Sinceramente creo que quienes se aventuren en la lectura de este libro, no podrán volver, no podremos volver, a viajar con la simplicidad y estulticia con que lo hemos venido haciendo. Y mucho menos si el viaje es en auto. Habrá que ser un navegante de autos y mirar esa cinta de asfalto que se desenvuelve a medida que avanza, como un universo. Porque la enseñanza del libro -digo esto a riesgo de desatar sobre mí la ira de los furibundos y laberínticos cortazarianos- ese tono persuasivo con que hablan con el lector, aquí sí es definitivamente cómplice, consiste en esa forma peculiar de ver el mundo desde una perspectiva propia: de ahí que aparezcan indios sioux adelante de Lyon, que sean vigilados sin sosiego por esos seres de otros espacios que se disfrazan de tachos de basura, que traten de seducirlos -a Julio al menos- con unas medias negras de seda desde el WC de mujeres. Y todo esto es obra de los demonios, de todos aquéllos que quieren estropearles el viaje, disfrutar de la ruin alegría que les produce hacerlos romper sus promesas, impedirles vivir un mes interior, lejos de la tiranía del teléfono y la hora exacta, de los periódicos, la correspondencia y las cuentas por pagar, "donde supimos por primera y última vez lo que era la felicidad absoluta".
Lo trágico de todo este asunto es que esta clase de lobos es una especie que, como los hijos de ciertos animales, rara vez se dan en cautiverio.
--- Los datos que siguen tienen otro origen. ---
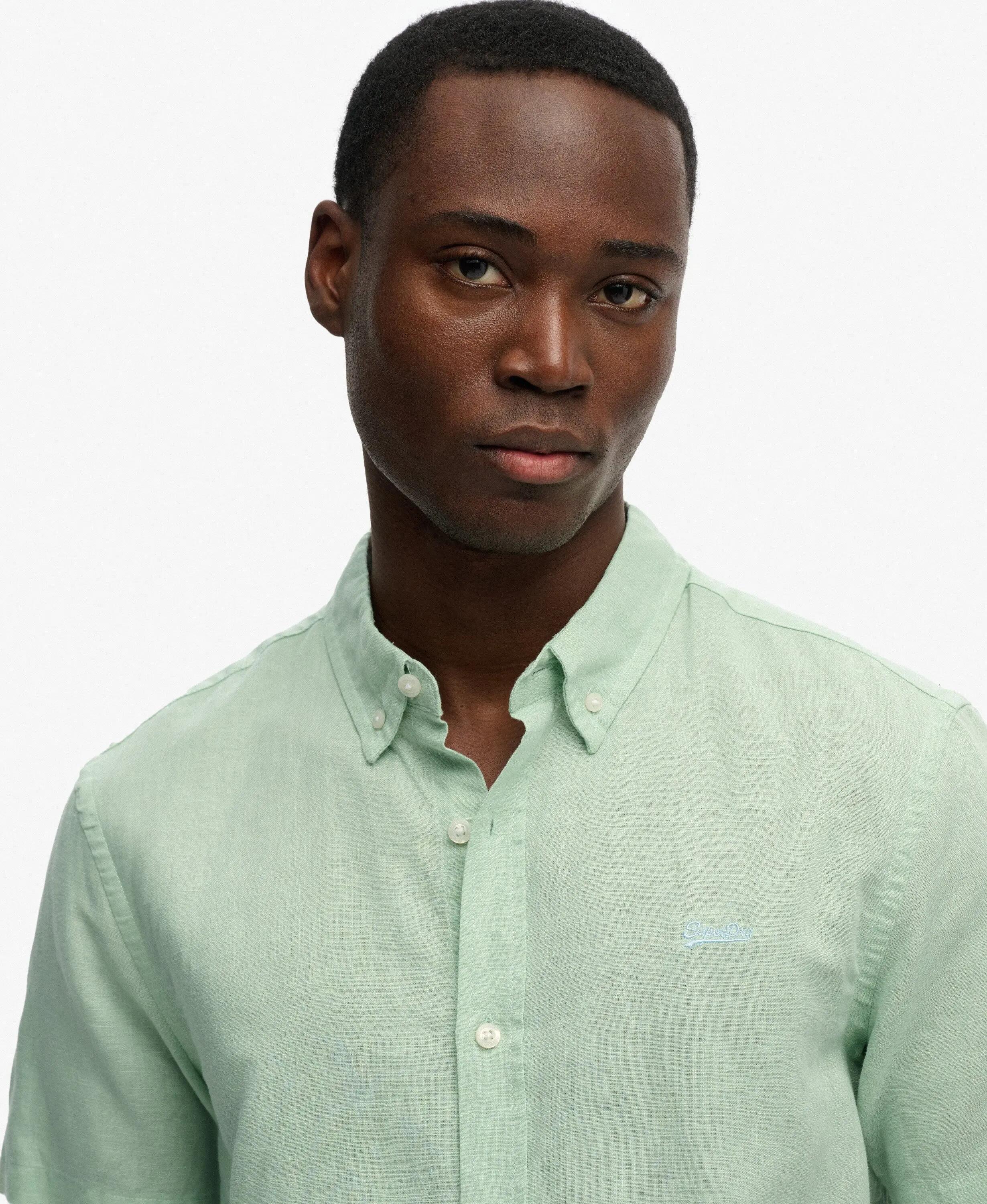 superdry Kurzarm-Hemd aus Baumwoll-Leinen — Relaxed Fit – Cameo Green 5/7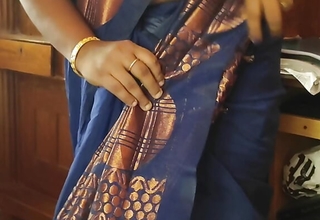 Tamil Babe Varsha Bhabhi  crippling Sari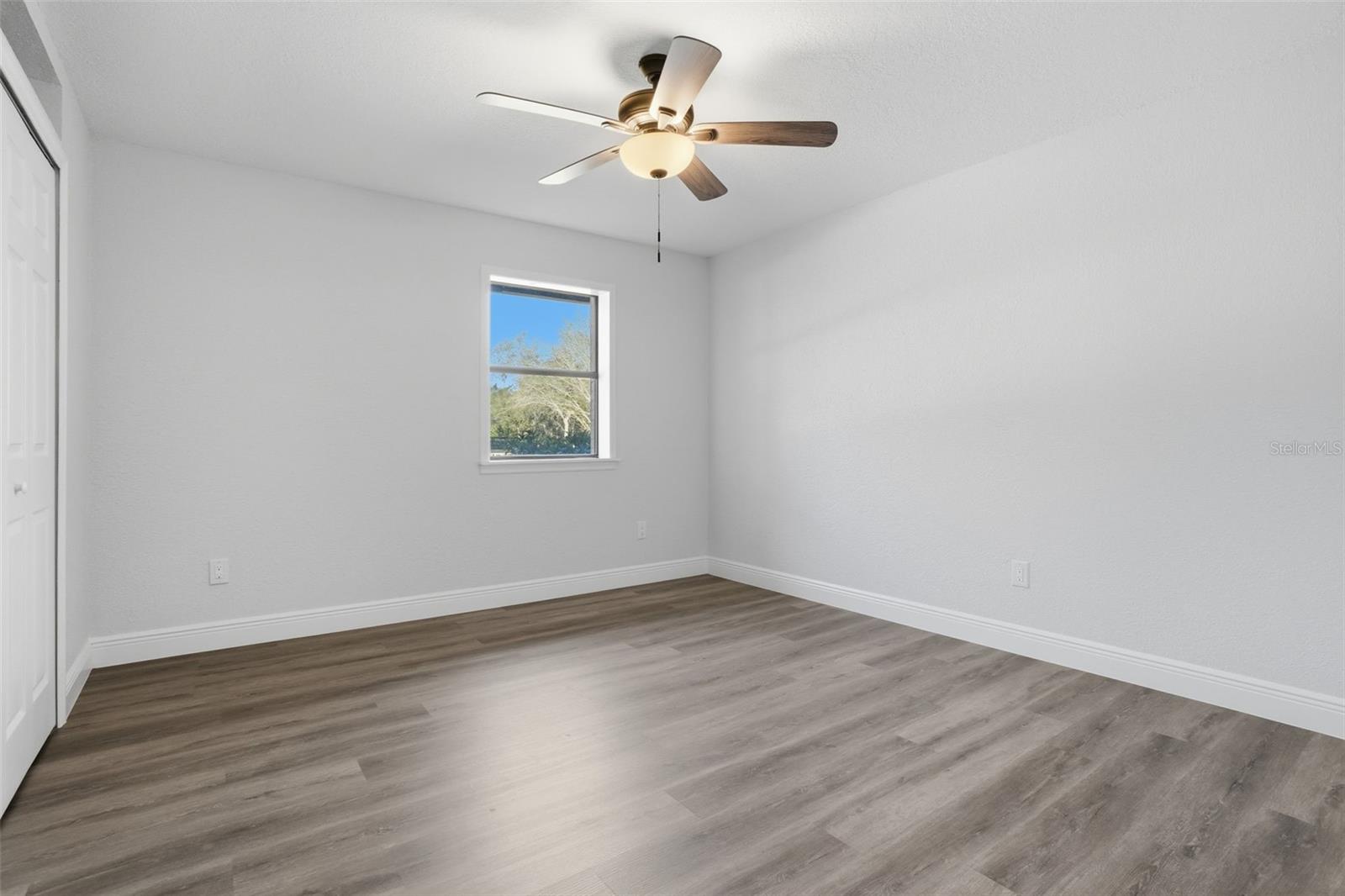 SAND PINE PLACE 5 ACRE DEVELOPMENT - Residential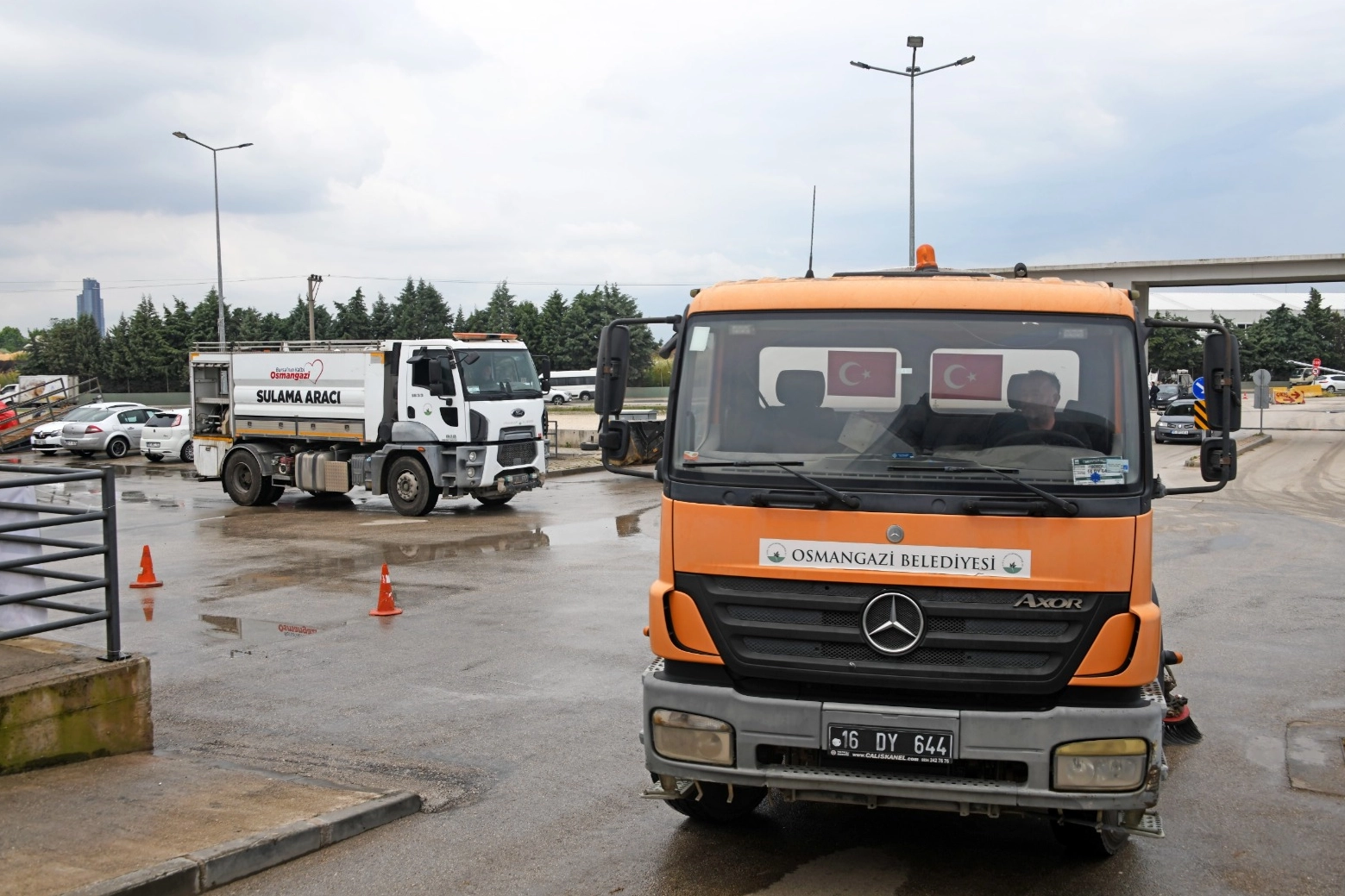 Osmangazi Belediyesi Kurban Bayramı hazırlıkları kapsamında kurban pazarında görev başında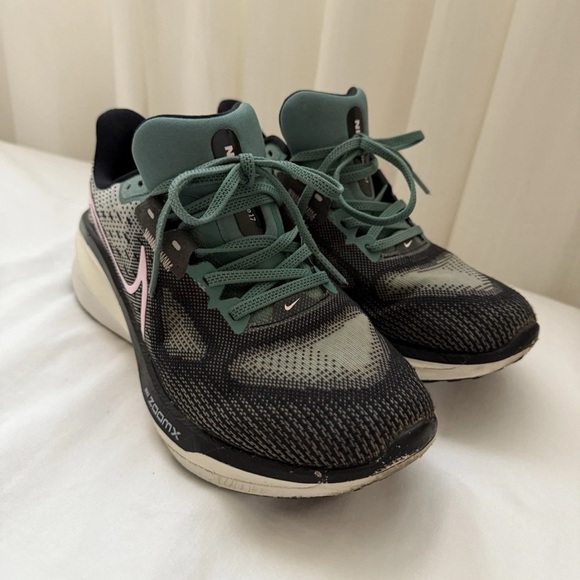 Nike Shoes Women Size 8.5 Black Sail Pink Foam Vomero Shoe - Picture 6 of 13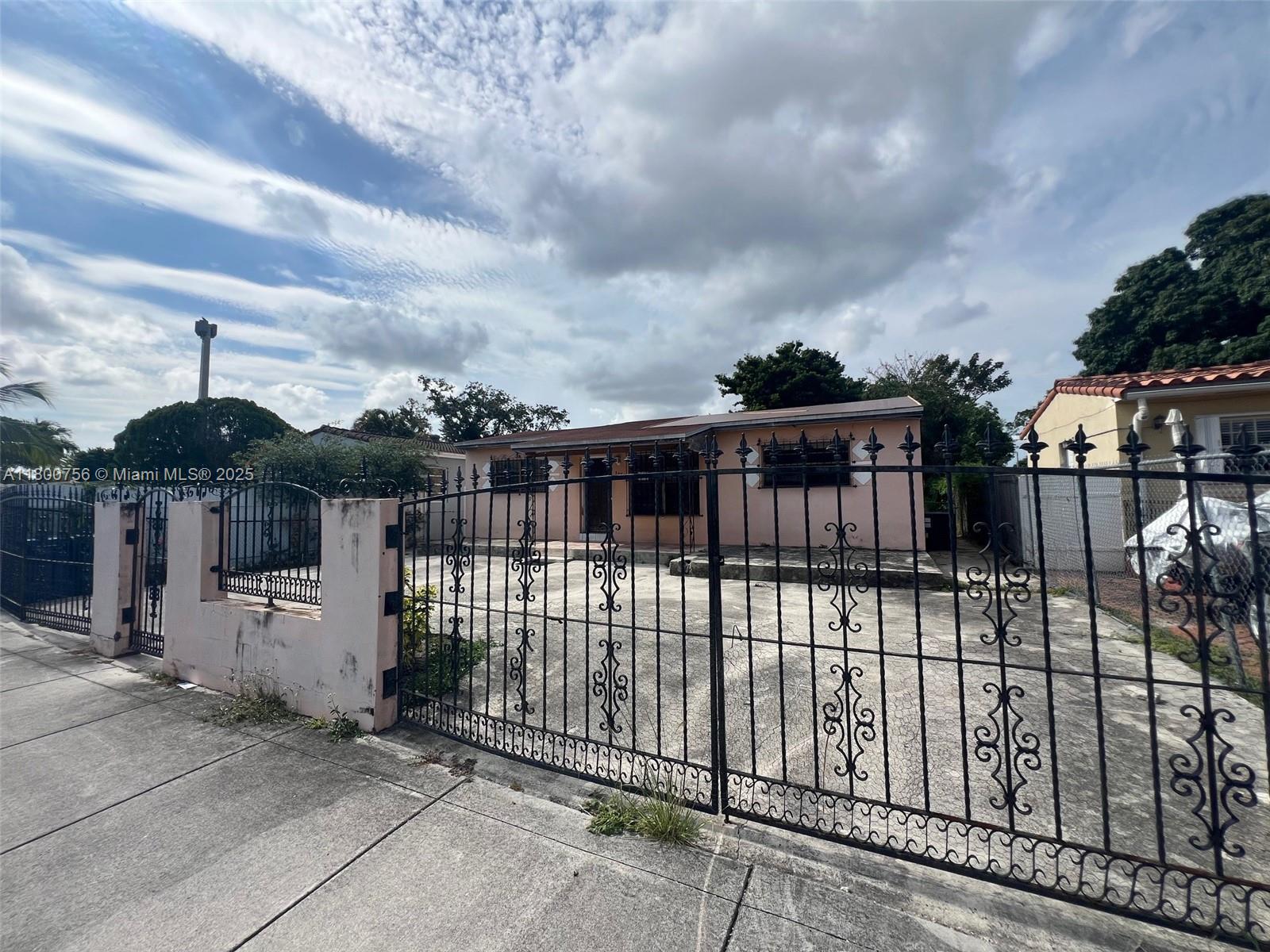 Property for Sale at 3035 Nw 100th St, Miami, Broward County, Florida - Bedrooms: 3 
Bathrooms: 1  - $309,100
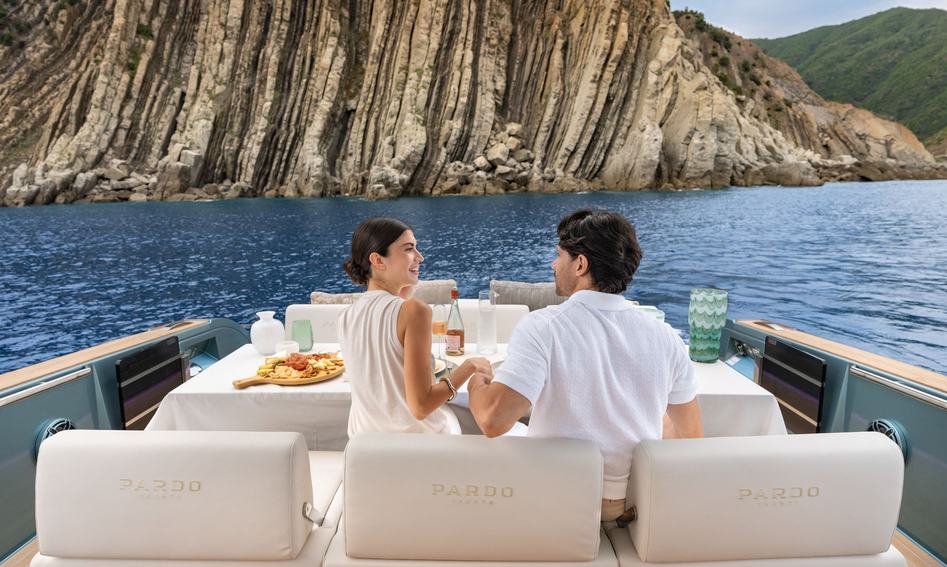 Pardo 43 Mk2, Deck Area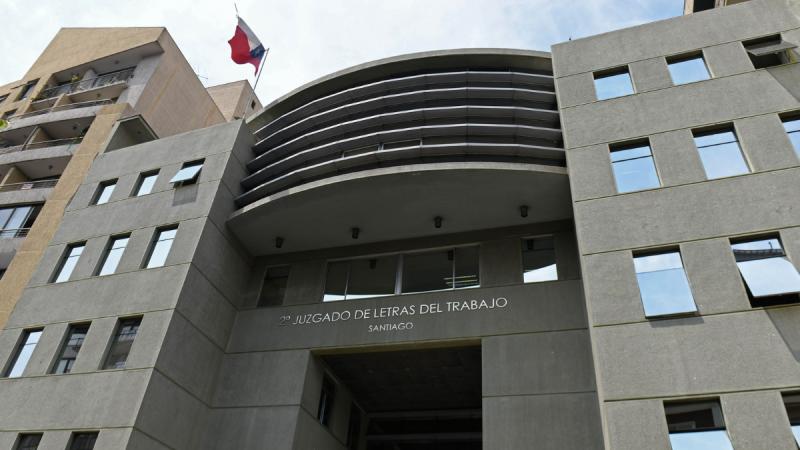 Profesora gana millonaria demanda a preuniversitario - Juzgado de Letras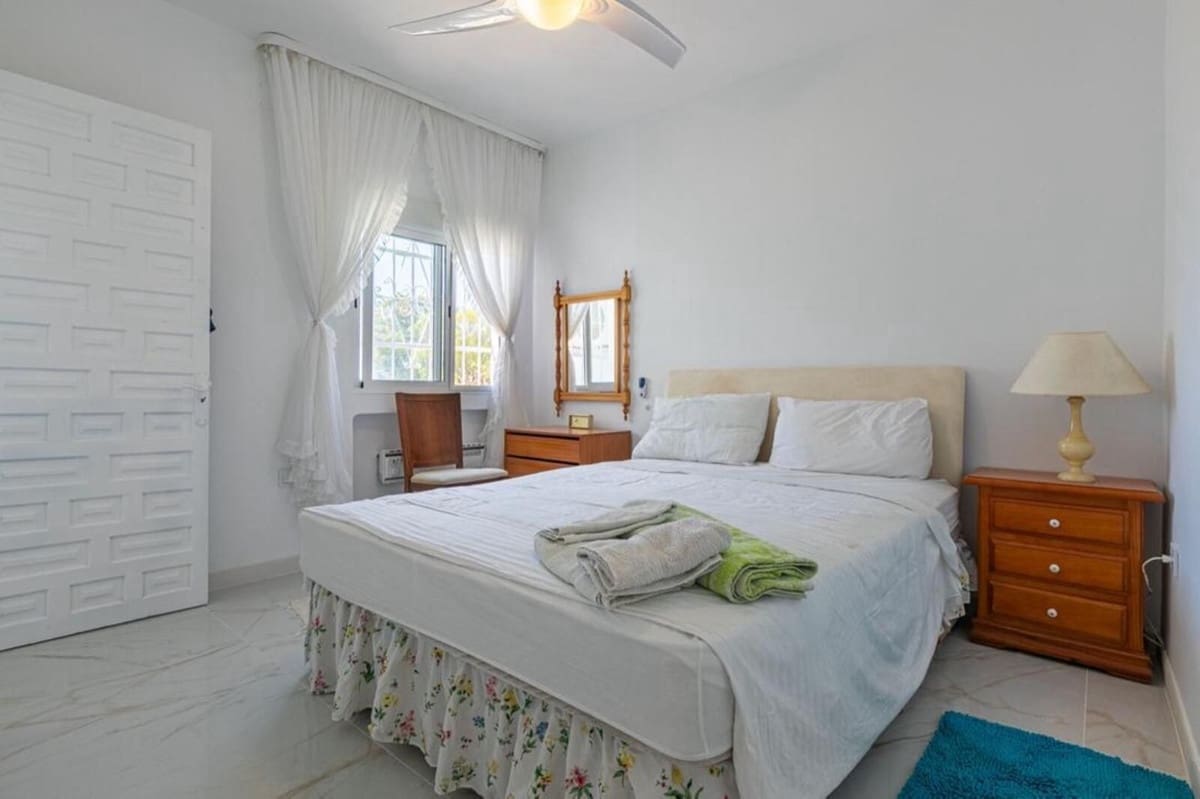 3 camera da letto Villa da affittare in Marbella con piscina garage - 4.000 € (Rif: 9402919)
El único provecho que mientras tanto puede obtenerse, es que las generaciones futuras no tendrán más alternativa, afortunadamente, que leerse todos sus libros. Ojalá nunca construyan o inauguren museos en su honor o salas de lectura en las bibliotecas nacionales, a lo sumo rincones en Casas de Cultura.
El, que alguna vez quiso ser Bioy Casares, no sospecha cuántos hay por ahí luchando por parecerse a él.